Cruel Theory | Sublime Practice consists of three separate essays. While each of these essays moves, as the subtitle of the book puts it, toward a revaluation of Buddhism, each does so on its own distinct terms. The book does not, that is to say, present an overarching theory or a consistent program. That it refuses such coherency is in itself an illuminating clue as to the nature of the emerging critique of contemporary Buddhism as the three of us, the authors, are practicing it.

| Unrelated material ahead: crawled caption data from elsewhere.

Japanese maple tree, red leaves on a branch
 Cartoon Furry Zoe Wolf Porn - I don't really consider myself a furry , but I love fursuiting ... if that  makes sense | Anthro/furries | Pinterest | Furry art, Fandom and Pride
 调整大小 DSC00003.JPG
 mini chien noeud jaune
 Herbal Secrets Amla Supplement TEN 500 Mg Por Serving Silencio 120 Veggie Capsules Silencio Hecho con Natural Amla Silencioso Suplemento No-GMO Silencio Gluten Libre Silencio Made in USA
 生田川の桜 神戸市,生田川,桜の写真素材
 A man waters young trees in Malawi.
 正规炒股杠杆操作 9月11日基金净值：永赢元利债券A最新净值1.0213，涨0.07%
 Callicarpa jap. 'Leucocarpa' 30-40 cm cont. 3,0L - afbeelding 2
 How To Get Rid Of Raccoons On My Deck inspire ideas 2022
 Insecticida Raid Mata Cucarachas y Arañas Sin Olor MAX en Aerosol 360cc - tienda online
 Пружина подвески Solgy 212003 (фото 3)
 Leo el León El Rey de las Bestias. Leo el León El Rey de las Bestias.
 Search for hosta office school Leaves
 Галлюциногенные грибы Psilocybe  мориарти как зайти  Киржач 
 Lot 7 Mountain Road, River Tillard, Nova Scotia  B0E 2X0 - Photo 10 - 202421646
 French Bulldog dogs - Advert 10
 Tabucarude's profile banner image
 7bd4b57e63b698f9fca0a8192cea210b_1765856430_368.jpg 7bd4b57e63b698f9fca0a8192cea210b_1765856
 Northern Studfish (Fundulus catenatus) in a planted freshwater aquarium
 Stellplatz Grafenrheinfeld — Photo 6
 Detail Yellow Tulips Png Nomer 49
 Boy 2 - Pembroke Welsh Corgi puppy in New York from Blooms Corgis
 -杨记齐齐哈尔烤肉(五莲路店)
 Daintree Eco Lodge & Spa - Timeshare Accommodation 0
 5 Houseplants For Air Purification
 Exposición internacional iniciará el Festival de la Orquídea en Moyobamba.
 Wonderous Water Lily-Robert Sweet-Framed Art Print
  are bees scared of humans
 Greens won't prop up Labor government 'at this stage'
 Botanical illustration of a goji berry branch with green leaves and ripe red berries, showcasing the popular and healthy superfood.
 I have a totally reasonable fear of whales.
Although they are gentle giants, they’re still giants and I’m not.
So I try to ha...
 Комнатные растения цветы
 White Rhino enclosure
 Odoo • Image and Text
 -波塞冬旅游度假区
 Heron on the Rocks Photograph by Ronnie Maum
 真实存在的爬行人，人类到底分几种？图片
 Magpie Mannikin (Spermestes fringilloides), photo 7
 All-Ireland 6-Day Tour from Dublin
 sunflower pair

To borrow from Laruelle’s From Decision to Heresy, I would put it like this. The questions we need to ask today are not of the form “what is Buddhism,” or “what does some x-buddhist doctrine say about this or that?” Such questions must be replaced by those of the form: how do x-buddhisms operate? how do they form their subjects? what can they and can they not do? Of course, we have in the very questions the mark of a potentially devastating critique, for such questions assume, contra any x-buddhist self-understanding as being a sufficiency, real limitations. The questions we pose are “partly Spinozist:” from within the x-buddhist safe house, the dharmic vallation, “no-one knows what a [human being] can do.” X-buddhist doctrine so over-determines the discussion concerning human capability that it is really no discussion at all, just prescription to or rejection of a program of belief. It is also “partly Kantian: circumscribe [x-buddhism’s] illusory power,” the power of mythologized authority, of the wisdom of the non-thinking body, of mana-like mindfulness, etc., and do not re-inscribe its self-proclaimed sufficiency in the shape of a transfigured x-buddhism (secular, atheist, post-traditional, and so on). It is also “partly Marxist:” can x-buddhist theorems themselves be employed, in thought and practice, to break the spell of idealism and Romanticism under which contemporary x-buddhism finds itself? how much of the x-buddhist theorem-juice can be extracted from its covertly ideological-subjugation function? And finally, it is also “partly Wittgensteinian:” how can we weaken incantatory buddhemic language and restore its terminology to de-potentialized usage?
Following are synopses of the book’s three parts.
“The Radical Buddhist Subject and the Sublime Aesthetics of Truth”
By Tom Pepper
Pepper proposes to bring Buddhist thought into conversation with modern western thought, in order to create an approach to Buddhist practice that can produce socially engaged and truly radical subjects in a late-capitalist world. His intention is to strip away western Buddhism’s tendency to produce illusions of mystical bliss or quietist contentment, and to leave behind only the (perhaps unpleasant) truth that we can actually be liberated.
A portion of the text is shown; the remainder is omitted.